Aug 25, 2011 Ami Olson Uncategorized
Demetrios Tsimis had a plan: turn a vacant lot on the Near West Side into a gathering place every Friday and Sunday, where neighborhood residents could find food, music and vendors, for free.
Tsimis, an entrepreneur, said he and his wife bought a house on Geddes Street when they moved to Syracuse about a year and a half ago, and he quickly joined the Near Westside Business Association to stay updated on what was going on in he community.
“The question at one of the [Near Westside Business Association] meetings was, ‘how do we attract people to strip between West and Fayette streets?’” Tsimis said. “The solution is commerce.”
But even with thousands of cars traveling through the corridor, people aren’t going to stop in the neighborhood to take advantage of the businesses there, until their perception of the overall neighborhood changes, he realized.

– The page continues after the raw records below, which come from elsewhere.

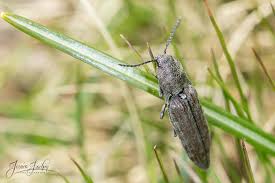 Attēlu rezultāti vaicājumam “Actenicerus sjaelandicus”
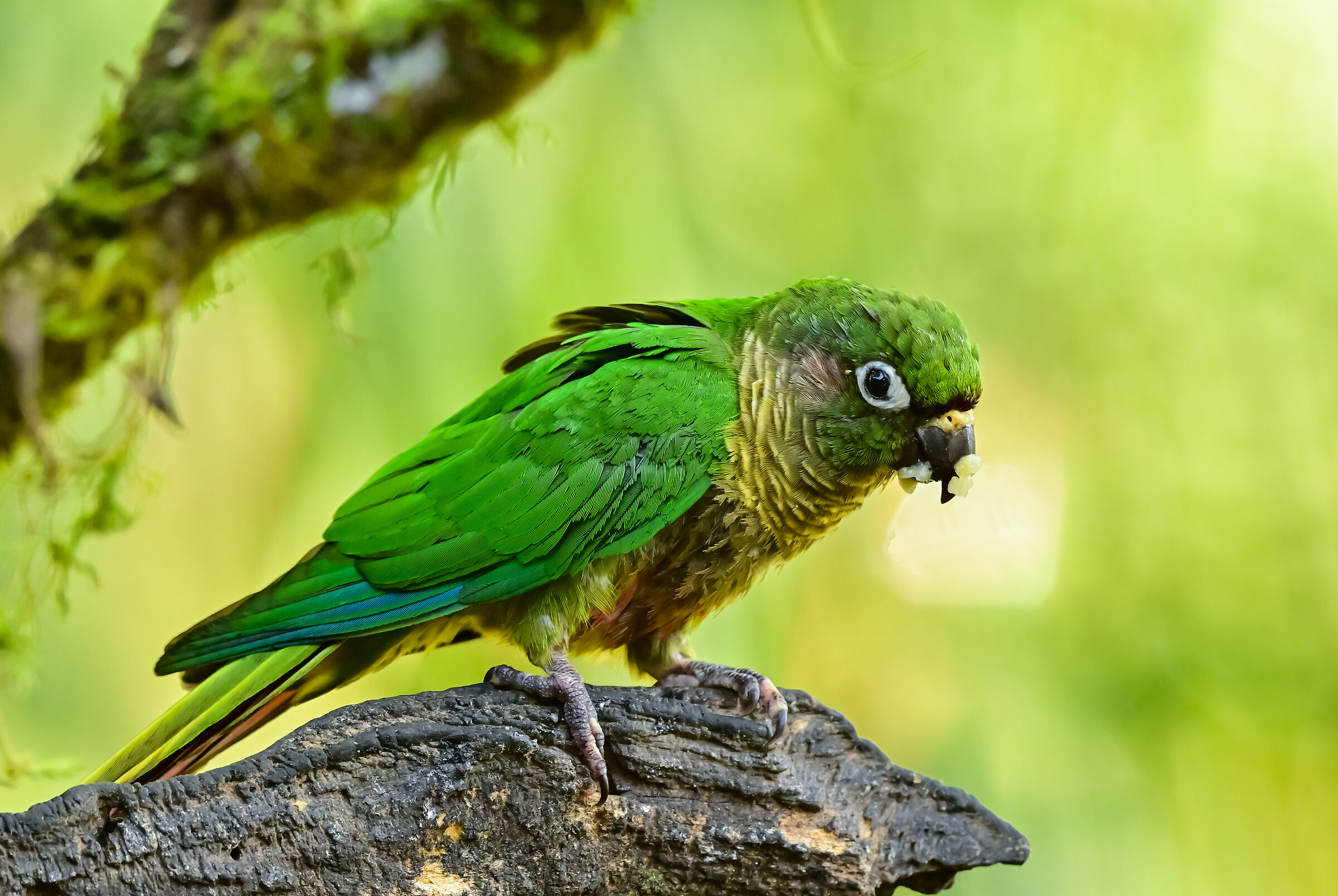 The brown-bellied parakeet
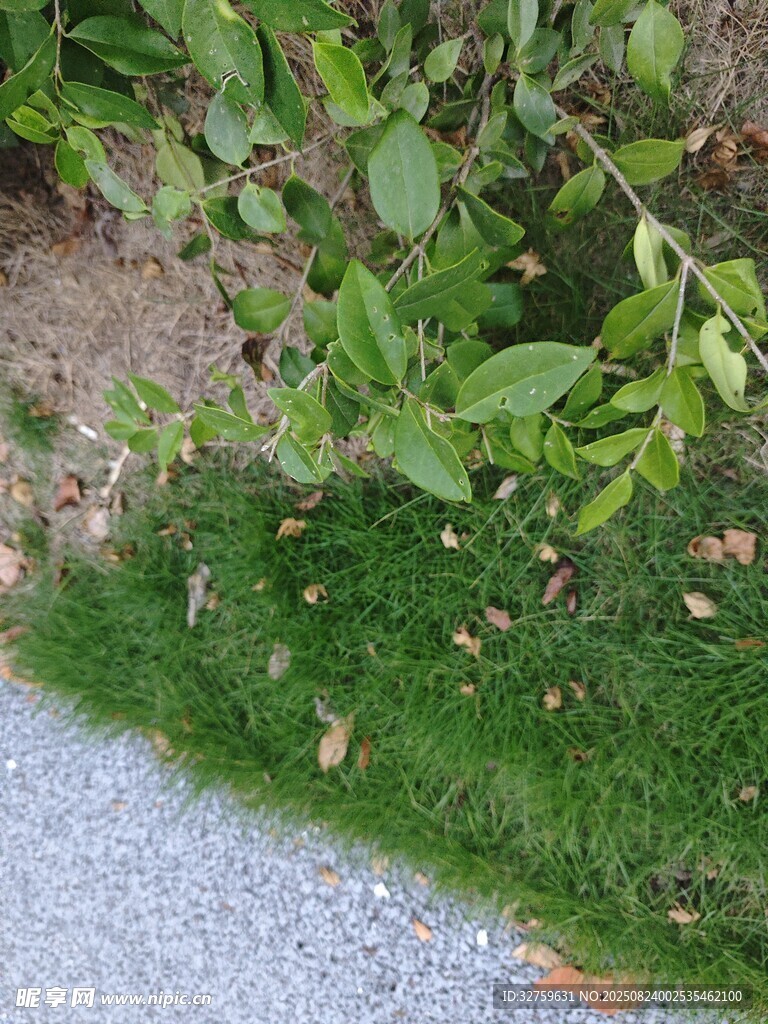 路边绿植与碎石景观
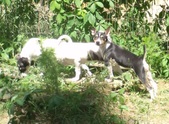Our Available Puppies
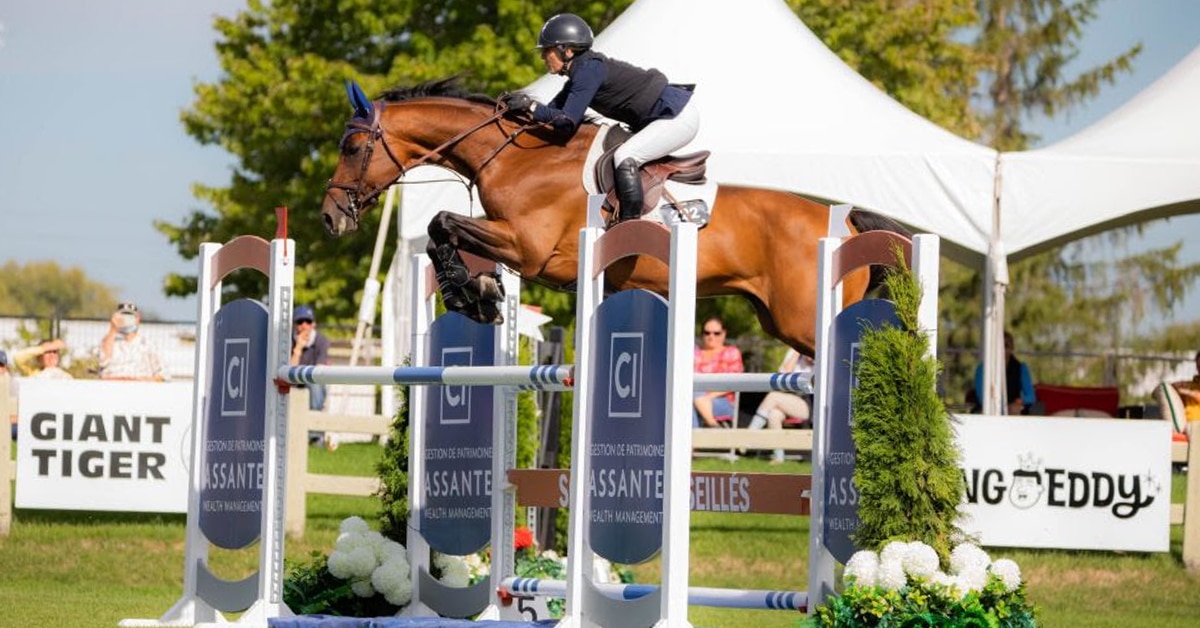 Thumbnail for Lauren Hayes and Golden Boy Win $20,000 Grand Prix in Ottawa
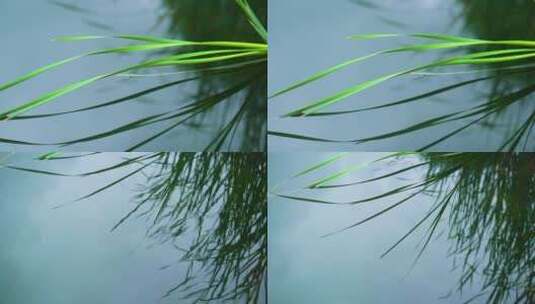 水面倒影芦苇唯美自然风光高清在线视频素材下载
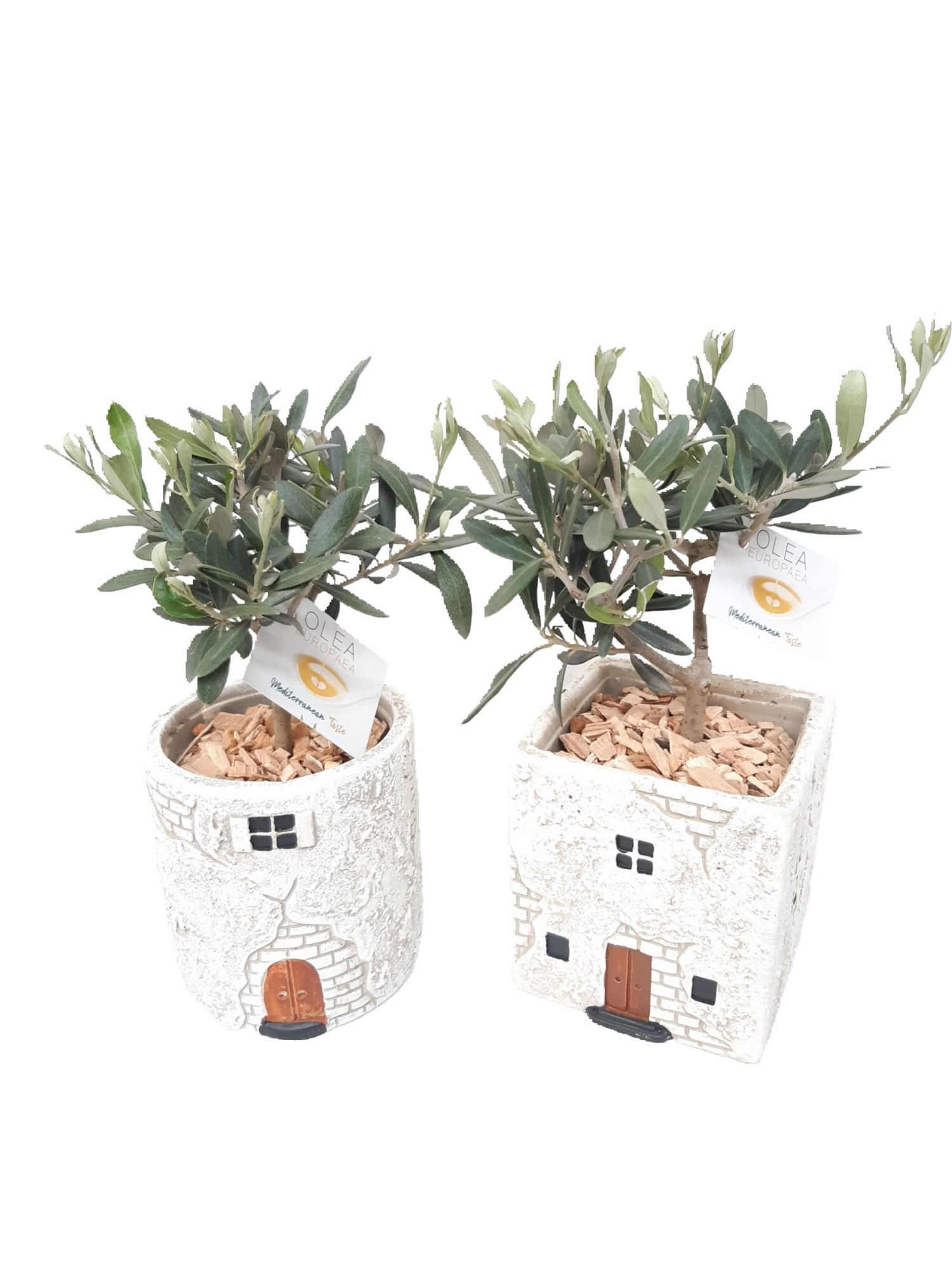 CASA A11OLE Casa Antiguo Olea Europaea, D 11 cm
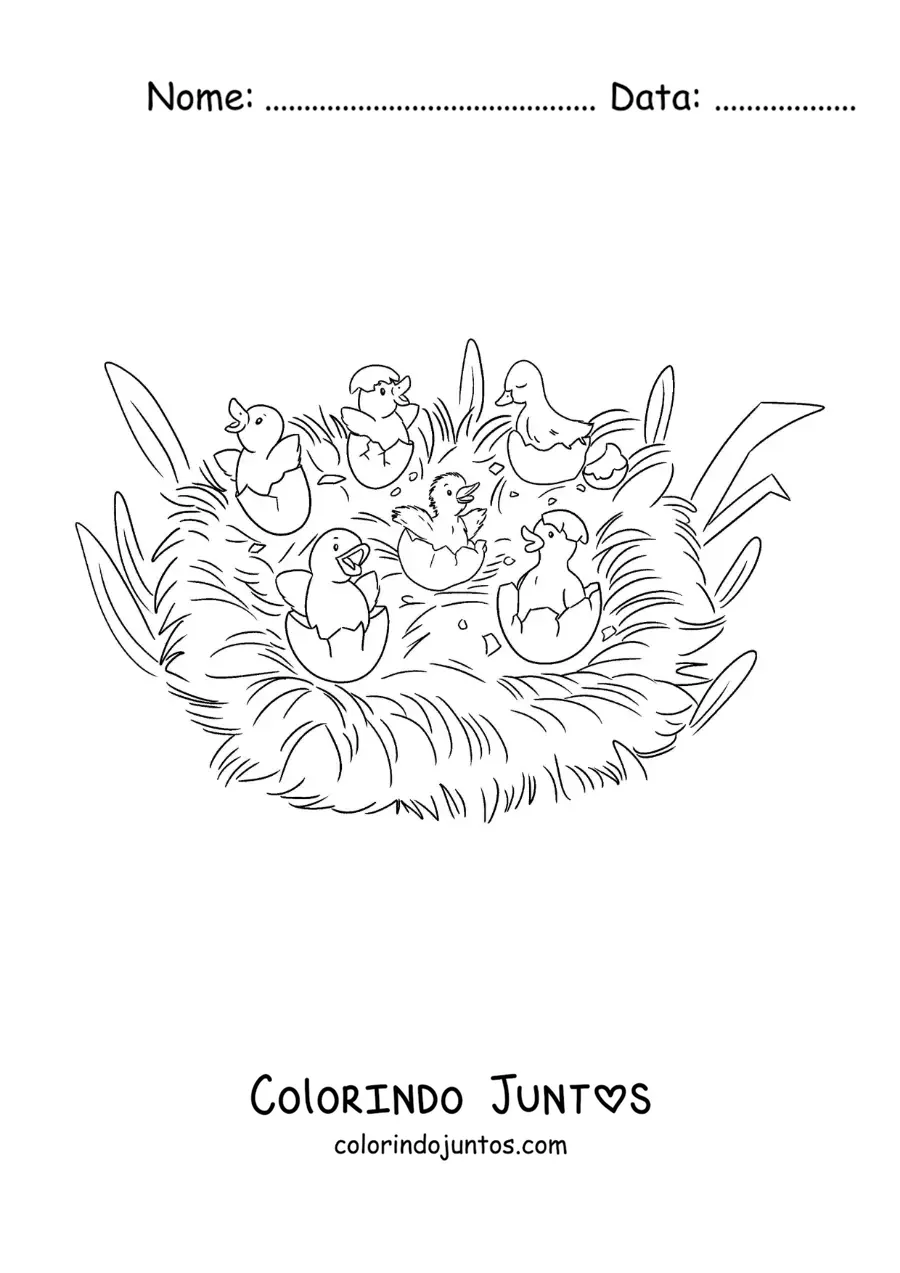 Desenho para colorir do Patinho Feio e os irmãos quebrando a casca do ovo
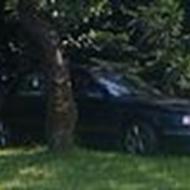 Golden devil's vectra a  h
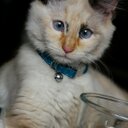 Mary Bessler - @MaryBessler1 - Twitter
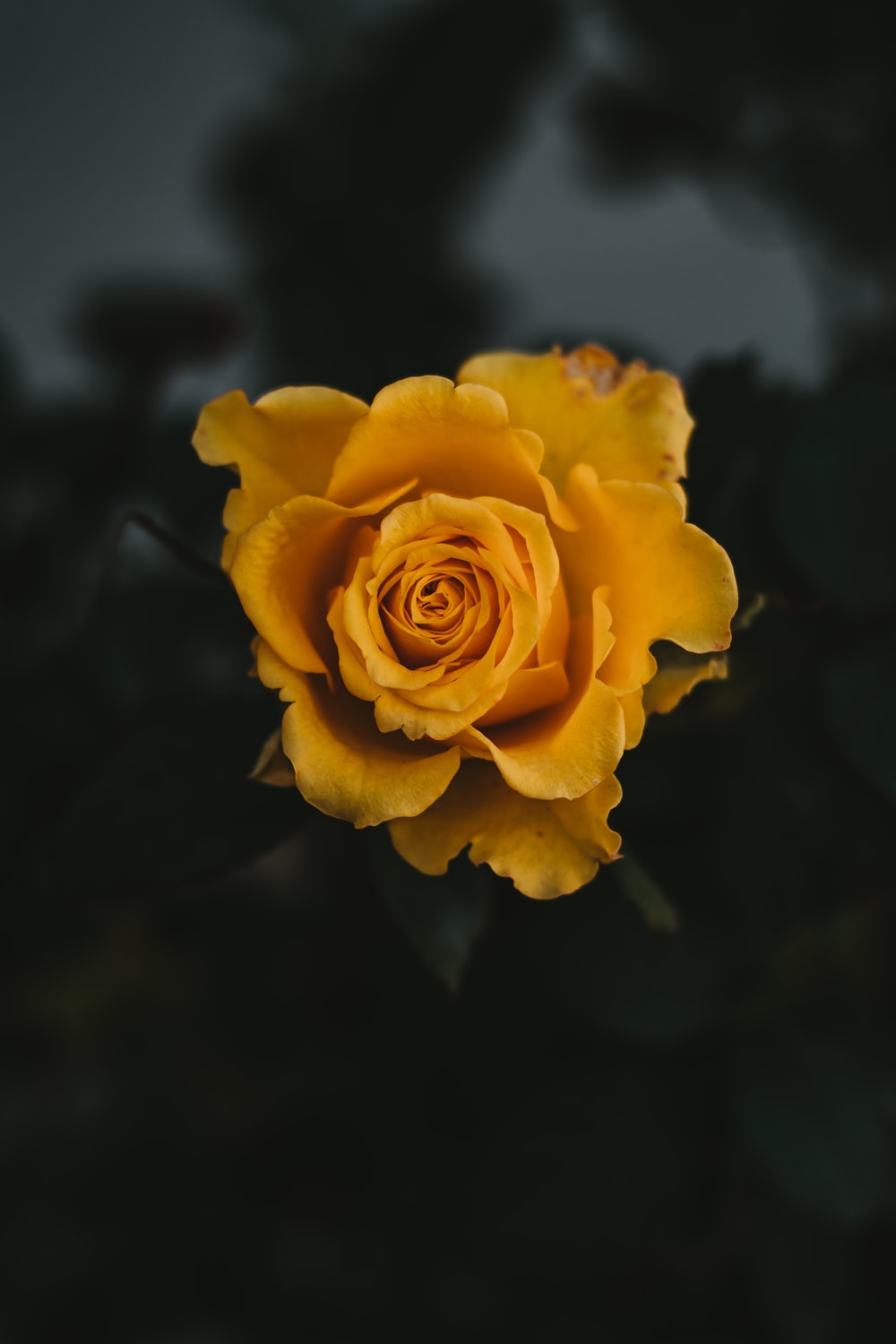 Yellow Rose Iphone Wallpapers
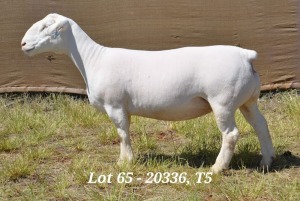 1X WHITE DORPER OOI/EWE T5 HARDUS KORB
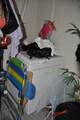 1906 87th Avenue - Photo 18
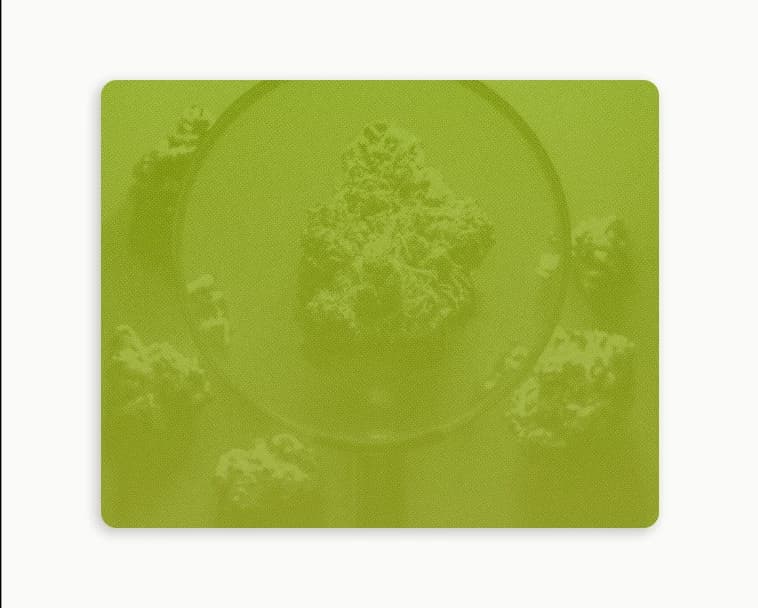 image of marijuana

“My goal was to get people from within the community to come together,” Tsimis said. “Create an environment that promotes community engagement and positive exposure of the neighborhood for greater Syracuse. This will solve the problem and expedite the development of the West Side.”
He named the venture West Side Weekend and started recruiting interested vendors, musicians, artists — anyone who wanted to be a part of promoting the community. He secured a location, a vacant lot at the corner of Wyoming and Marcellus streets owned by the Near Westside Initiative, and spent the second week of August going door to door on the Near West Side, handing out 800 handbills and letting people know about the event, he said.
But two weeks of very low turnout left him and his volunteers confused. Where is everybody, and why aren’t they coming out?
“Me doing this was just trying to promote community engagement to make the West Side a safer, cleaner, more enjoyable place to live for people who live there,” Tsimis said. But it didn’t quite work out that way.
So, West Side Weekend is on haitus. Tsimis said his goal is to set up a meeting where all community groups from the neighborhood could sit down at the same table and discuss concerns about the concept, and strategize together on how to make it a success.
In the meantime, Tsimis is remaining optimistic that West Side Weekend will restart with a three-day community event, followed within just a few weeks by a repeat performance, to kick-start momentum of the project.
“But I’m not going to do this unless everybody’s on board. And I can’t,” he said simply. Tsimis hopes to be able to set up a meeting with West Side community organizations within the next few weeks. He’s also still looking for interested vendors, artists and musicians for when West Side Weekend resumes.